Kevin Drum makes a plausible prediction about next year's presidential race (once we get through the foolishness and the Republicans settle on someone):
He's riffing off Professor Stephen Walt's sensible observation that the entity called ISIS, or ISIL, or Islamic State or Daesh seems to be successfully establishing itself as the effective government of a goodly swath of Sunni Muslim former Syria and Iraq and isn't going to be dislodged by U.S. bombing and ineffectual, fragmented enemies. As Sarah Chayes would highlight, at present it has banished a humiliating, exhausting culture of corruption from its conquests and that would give any governing authority a novel legitimacy. Even the New York Times documents this:
I hope we can be confident that, whatever provocations the aspiring caliphate may pull off before next year, the outgoing Obama administration is unlikely to dump U.S. troops into the fray. The Prez seems determined as I write to go out without "doing stupid shit", an admirable policy framework we could use more of.
But Drum may be right that an argument about whether the U.S. should go crashing into another war could become a central issue next fall -- and the idea has disquieting implications.

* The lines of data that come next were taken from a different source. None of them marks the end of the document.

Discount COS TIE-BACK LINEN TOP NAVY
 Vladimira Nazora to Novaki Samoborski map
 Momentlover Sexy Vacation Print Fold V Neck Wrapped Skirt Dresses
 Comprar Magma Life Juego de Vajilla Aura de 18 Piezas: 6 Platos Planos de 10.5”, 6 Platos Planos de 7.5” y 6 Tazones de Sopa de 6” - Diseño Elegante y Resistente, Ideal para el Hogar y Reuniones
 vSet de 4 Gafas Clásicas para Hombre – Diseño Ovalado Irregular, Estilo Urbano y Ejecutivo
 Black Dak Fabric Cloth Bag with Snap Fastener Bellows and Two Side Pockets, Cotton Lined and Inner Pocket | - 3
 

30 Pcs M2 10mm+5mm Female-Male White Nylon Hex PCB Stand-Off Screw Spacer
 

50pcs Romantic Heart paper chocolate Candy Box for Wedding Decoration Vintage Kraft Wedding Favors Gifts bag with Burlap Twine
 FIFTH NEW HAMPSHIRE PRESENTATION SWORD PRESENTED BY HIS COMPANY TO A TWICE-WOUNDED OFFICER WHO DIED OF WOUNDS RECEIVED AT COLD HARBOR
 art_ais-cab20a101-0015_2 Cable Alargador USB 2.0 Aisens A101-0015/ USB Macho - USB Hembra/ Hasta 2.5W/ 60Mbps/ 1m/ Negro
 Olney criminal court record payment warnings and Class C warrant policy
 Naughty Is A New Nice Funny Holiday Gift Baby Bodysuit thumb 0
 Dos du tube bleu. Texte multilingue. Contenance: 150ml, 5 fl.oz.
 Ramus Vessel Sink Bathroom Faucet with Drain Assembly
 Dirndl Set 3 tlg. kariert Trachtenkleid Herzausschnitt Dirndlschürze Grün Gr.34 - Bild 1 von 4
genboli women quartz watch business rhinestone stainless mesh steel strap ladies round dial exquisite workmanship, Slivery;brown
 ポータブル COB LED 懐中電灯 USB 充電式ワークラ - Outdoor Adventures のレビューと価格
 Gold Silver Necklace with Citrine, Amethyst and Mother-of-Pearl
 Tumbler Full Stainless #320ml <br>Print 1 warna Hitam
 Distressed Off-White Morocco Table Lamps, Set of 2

For Hillary Clinton, this will require some fancy footwork. Aside from her Wall Street ties, distrust of Hillary over her hawkishness is probably her greatest liability among Democratic voters.
On the other hand, we can count on any Republican to promise to (re)establish imperial dominance by maximum force and violence. Anything less would unmanly, un-exceptional, unAmerican. And just consider, that nominee could be named Bush ...
People who care about peace can't allow this horror show to develop without loudly raising up a picture of a more peaceable posture. Otherwise we'll be as organizationally enfeebled as we found ourselves after the 9/11 attacks.